All I need to do is change the section where I build up the transformation table, and that’s really easy. But now, I’m tired and grouchy, so I skip character counting and just jump right in on looking for three-character groupings and bracketing, brute-force. This takes about 5 seconds, so I know something’s wrong. That is, one of the very first permutations, 23456781, comes back with 65 hits on one three-character group, with brackets (i.e. – “pCy9p”) in the first 25% of the ciphertext string (I’m checking only the first 881 characters again, for speed). I look in the output file, and there’s lots of bracketing, and the distribution on the three-character strings is looking more reasonable. But still, the transposition key is too simple. So I run the script again and let it finish a few hours later. And sure enough, there are only two column permutations with really high 3-character counts, and they’re mirror reflections of each other.

I take this as a sign, but just to be sure, I run the space interval checker again. It hits on 23456781, and 15 other variants (“23456781”, “23457618”, “23457681”, etc.) I plug a couple bracket characters into the substitution table, and can’t really tell if the word breaks make sense or not in German. But, there’s one thing I do know, and that is German has the words “ein”, “eine” and “einer”. And I can do search and replaces on the ciphertext to run another sanity check. At this point, I’m using the key “23457618” with a semi-randomly generated look-up table (I just wrote out the characters A-Z, a-z, 0-9, . and *). All that remains is to start putting the correct characters in the correct places in the table.

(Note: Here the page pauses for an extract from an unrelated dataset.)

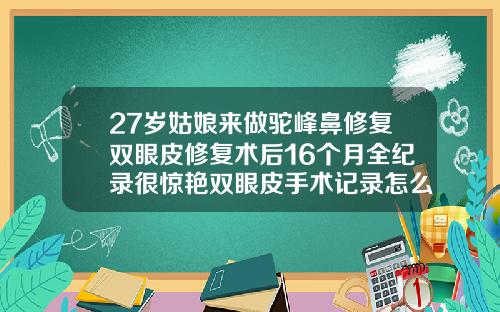 27岁姑娘来做驼峰鼻修复双眼皮修复术后16个月全纪录很惊艳双眼皮手术记录怎么写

It takes me a while to realize that certain words are coming out wrong (I’m using an online German dictionary at this point). A couple of the letters are doubling up (e.g. – I=n and o=n). That’s when I realize that, yeah, it’s still possible to have the 2-column pairings made right, and still have the pairs themselves out of order (“12345678” versus “12563478”). There’s one word I know is in the plaintext – “maschin”. I compile all 16 permutations of the ciphertext key, and then do a find in notepad on “maschin”. That locates the one column permutation that I want, which again turns out to be “23456781”. And then it’s just a matter of interactively displaying the text and plugging in values for the substitution table.

However, I don’t know German, and there are still a number of words that are incomplete that aren’t included in the Swedish team’s notes. I copy a large enough section of the plaintext that I do have done, and do a yahoo search. That’s when I come up with 20+ powerpoint presentations on the net for people that have also cracked this code, and have much more complete explanations for their work. Sigh. Anyway, I’m keeping my scripts. Who knows. They may turn out to be useful someday. In the meantime, there are only 3 ciphers from the Code Book contest that I haven’t tackled – one on the Enigma machine, and two for RSA encryption. I have no interest in RSA, and I’m too tired to tackle Enigma at this time. Maybe later in the Fall, or something.

The Code Book – Cipher 7, part 3


Getting back to the Code Book Contest cipher, we have the first line:

MCCMMCTRUOUUUREPUCCTCTPCCC

Doing a character count, the ciphertext is 7048 characters long. This can be factored as 8 x 881. Assuming that all of the columns are the same length, then there’s a good possibility that the key is 8 letters. Also, we can work on the additional assumption that this is a CEMOPRTU cipher (in accordance with Almgren and team’s solution paper.

1 2 3 4 5 6 7 8
—————
M C C M M C T R
U O U U U R E P
U C C T C T P C
C C C U U P C M
M P R T C C R U
P E C C M U U P
C M P E P P U P
U R U P P M E U
P U C E U U C U

Taking a bit more of the ciphertext, I started by numbering the columns 1-8, and breaking the ciphertext into rows of 8 characters each.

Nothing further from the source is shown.